After the risk assessment of hypertension, subsequent interventions and management to prevent or postpone the occurrence and development of hypertension are crucially important in high-risk populations. Continuous monitoring and management are imperative for high-risk patients. On the one hand, realtimeness and continuity monitoring can detect any problem without delay. On the other hand, early signs of detected symptoms can alert both general practitioners (GPs) and individuals in a timely manner. For high-risk populations, corresponding individual intervention strategies targeting the main risk factors should be prescribed by GPs in primary care. For instance, lifestyle factors such as exercise, eating habits, and drinking habits can be improved under the guidance of GPs after risk assessment. Evidence has revealed that a high concentration of parks or playgrounds in residential areas may reduce the risk of hypertension, mainly attributable to the cultivation and formation of exercise habits, which implies the importance of interventions in communities43.

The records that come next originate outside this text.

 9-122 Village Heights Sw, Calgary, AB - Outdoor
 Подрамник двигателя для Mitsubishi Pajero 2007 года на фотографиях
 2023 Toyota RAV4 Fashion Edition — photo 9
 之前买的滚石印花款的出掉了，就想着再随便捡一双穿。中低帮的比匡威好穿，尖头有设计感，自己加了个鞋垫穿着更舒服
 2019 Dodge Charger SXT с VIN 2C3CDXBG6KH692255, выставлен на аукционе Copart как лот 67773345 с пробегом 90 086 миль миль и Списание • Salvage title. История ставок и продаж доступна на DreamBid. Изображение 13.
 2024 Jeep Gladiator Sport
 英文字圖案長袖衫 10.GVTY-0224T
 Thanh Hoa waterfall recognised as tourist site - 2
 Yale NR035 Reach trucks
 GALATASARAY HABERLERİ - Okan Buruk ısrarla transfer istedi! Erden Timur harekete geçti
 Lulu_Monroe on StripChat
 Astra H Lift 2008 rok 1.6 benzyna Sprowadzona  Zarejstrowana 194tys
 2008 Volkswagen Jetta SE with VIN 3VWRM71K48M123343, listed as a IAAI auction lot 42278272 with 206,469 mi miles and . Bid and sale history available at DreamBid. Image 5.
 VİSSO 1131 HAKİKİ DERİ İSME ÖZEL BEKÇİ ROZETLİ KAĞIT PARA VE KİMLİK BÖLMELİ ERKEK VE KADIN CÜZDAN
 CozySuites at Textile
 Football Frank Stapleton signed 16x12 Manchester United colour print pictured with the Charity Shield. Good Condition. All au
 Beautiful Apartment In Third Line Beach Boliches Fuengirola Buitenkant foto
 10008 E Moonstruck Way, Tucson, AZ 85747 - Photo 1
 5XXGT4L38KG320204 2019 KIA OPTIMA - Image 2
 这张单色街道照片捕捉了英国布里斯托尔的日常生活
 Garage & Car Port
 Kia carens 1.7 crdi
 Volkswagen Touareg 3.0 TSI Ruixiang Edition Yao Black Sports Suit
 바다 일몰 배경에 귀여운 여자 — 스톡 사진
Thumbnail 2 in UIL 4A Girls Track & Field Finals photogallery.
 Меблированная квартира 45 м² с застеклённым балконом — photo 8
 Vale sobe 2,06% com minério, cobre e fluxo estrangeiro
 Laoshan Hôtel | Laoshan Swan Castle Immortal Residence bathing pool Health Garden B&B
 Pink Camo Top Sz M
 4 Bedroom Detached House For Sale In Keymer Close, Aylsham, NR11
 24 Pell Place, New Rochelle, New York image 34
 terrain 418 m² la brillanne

However, there were several limitations in our study. One of the limitations of the study was that it had a cross-sectional design, and the results could not indicate causality in this situation. A prospective cohort study is needed to further identify the cause-and-effect relationships. Second, the risk assessment model was designed considering only variables available in the setting of primary care, and variables regarding mental health and hereditary factors were not included. Third, we measured several variables, such as age, urinary protein, BMI, and Cr, on only a single occasion and did not take changes in these variables into consideration.